TO DO: Print, exactly as they stand, the lines below from the one that has "The frog football" to the one that has "Lila Violetten Handlackierung", inclusive, leaving out the pictures.
[PROVIDED ENTRIES — start]
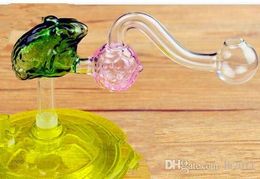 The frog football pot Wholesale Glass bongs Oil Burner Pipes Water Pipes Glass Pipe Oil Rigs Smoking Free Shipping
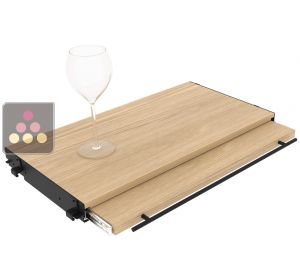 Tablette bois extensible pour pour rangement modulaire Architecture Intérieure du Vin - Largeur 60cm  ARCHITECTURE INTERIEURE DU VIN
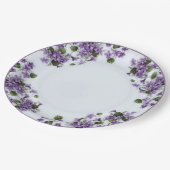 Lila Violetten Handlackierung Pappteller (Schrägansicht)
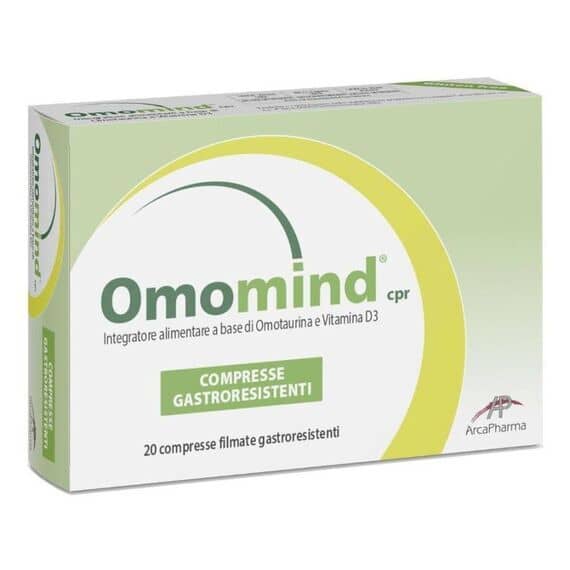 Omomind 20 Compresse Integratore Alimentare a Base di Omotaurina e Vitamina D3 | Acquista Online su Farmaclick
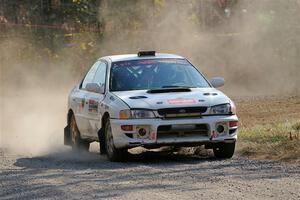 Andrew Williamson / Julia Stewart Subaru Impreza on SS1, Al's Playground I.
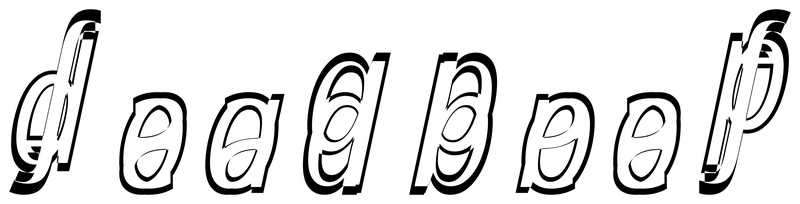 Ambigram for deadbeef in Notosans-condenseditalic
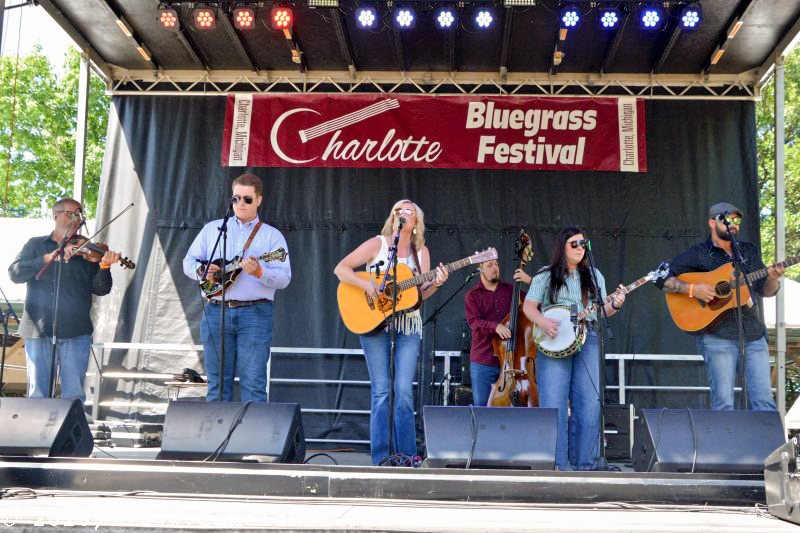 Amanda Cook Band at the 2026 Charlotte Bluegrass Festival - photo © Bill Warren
[PROVIDED ENTRIES — finish]
[PROVIDED ENTRIES — start]
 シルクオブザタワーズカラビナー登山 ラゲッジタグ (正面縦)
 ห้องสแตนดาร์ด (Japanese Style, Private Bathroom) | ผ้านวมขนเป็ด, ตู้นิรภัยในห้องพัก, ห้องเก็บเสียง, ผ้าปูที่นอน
[PROVIDED ENTRIES — finish]
ANSWER TO THE PROBLEM:
 The frog football pot Wholesale Glass bongs Oil Burner Pipes Water Pipes Glass Pipe Oil Rigs Smoking Free Shipping
 Tablette bois extensible pour pour rangement modulaire Architecture Intérieure du Vin - Largeur 60cm  ARCHITECTURE INTERIEURE DU VIN
 Lila Violetten Handlackierung Pappteller (Schrägansicht)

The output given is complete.